Segment Open
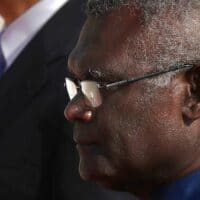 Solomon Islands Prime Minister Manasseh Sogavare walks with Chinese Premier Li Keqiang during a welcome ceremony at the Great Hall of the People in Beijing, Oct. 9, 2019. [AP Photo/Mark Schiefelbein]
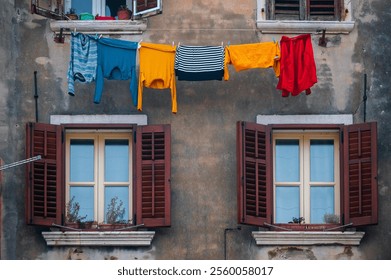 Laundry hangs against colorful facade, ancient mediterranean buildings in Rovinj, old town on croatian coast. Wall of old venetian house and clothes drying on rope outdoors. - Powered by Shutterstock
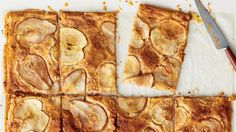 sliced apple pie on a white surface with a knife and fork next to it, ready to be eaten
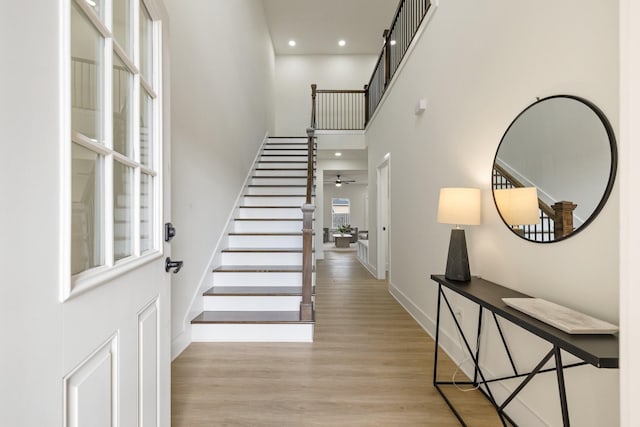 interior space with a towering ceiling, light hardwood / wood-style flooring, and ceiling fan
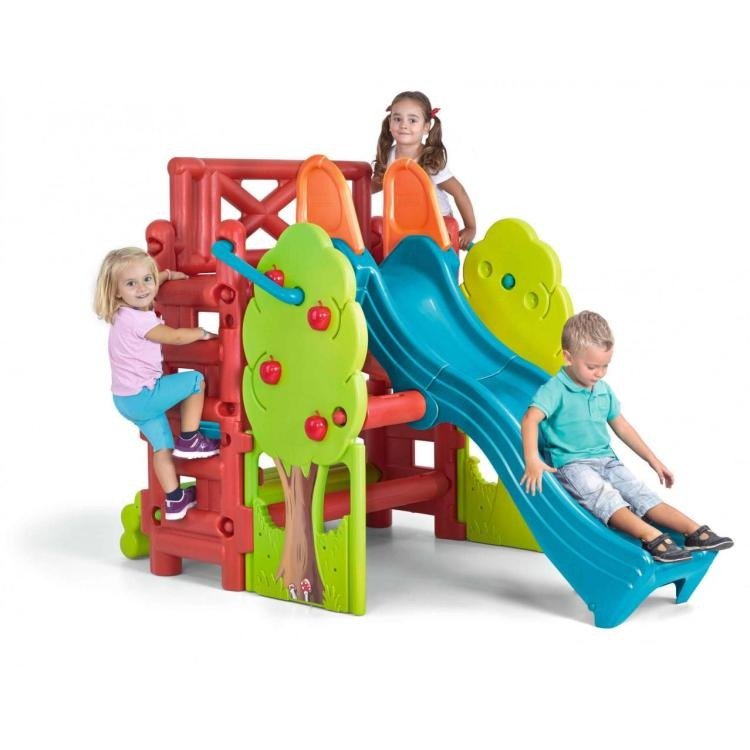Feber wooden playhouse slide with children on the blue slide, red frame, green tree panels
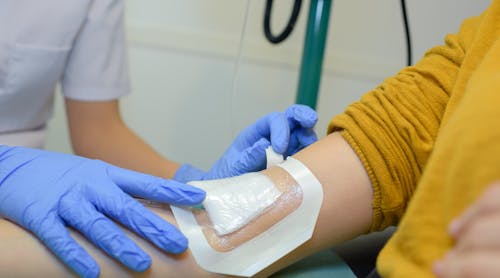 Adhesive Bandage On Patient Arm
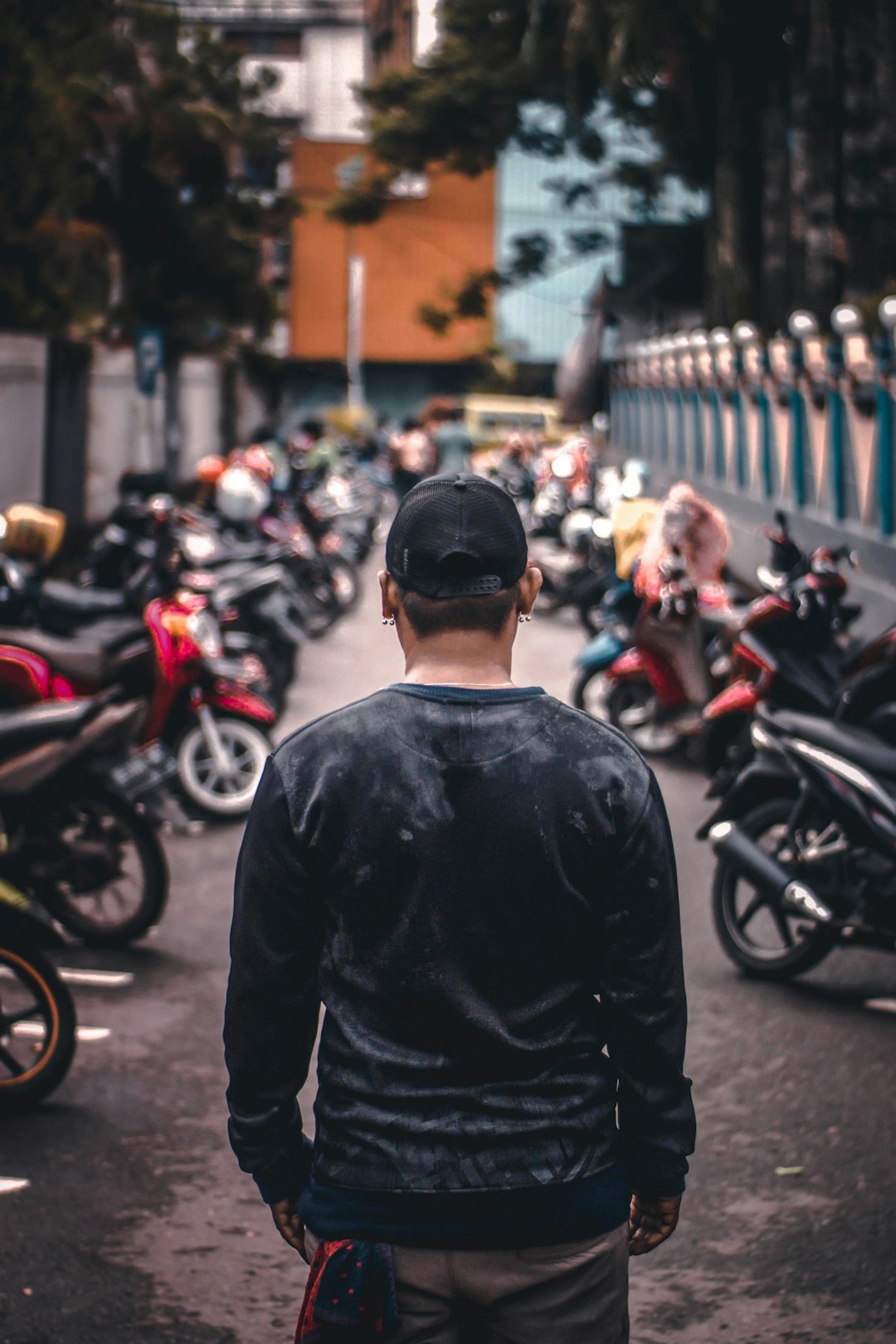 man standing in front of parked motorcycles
Segment Closed
Exclude every image and return the material above exactly.

 Solomon Islands Prime Minister Manasseh Sogavare walks with Chinese Premier Li Keqiang during a welcome ceremony at the Great Hall of the People in Beijing, Oct. 9, 2019. [AP Photo/Mark Schiefelbein]
 Laundry hangs against colorful facade, ancient mediterranean buildings in Rovinj, old town on croatian coast. Wall of old venetian house and clothes drying on rope outdoors. - Powered by Shutterstock
 sliced apple pie on a white surface with a knife and fork next to it, ready to be eaten
 interior space with a towering ceiling, light hardwood / wood-style flooring, and ceiling fan
Feber wooden playhouse slide with children on the blue slide, red frame, green tree panels
 Adhesive Bandage On Patient Arm
 man standing in front of parked motorcycles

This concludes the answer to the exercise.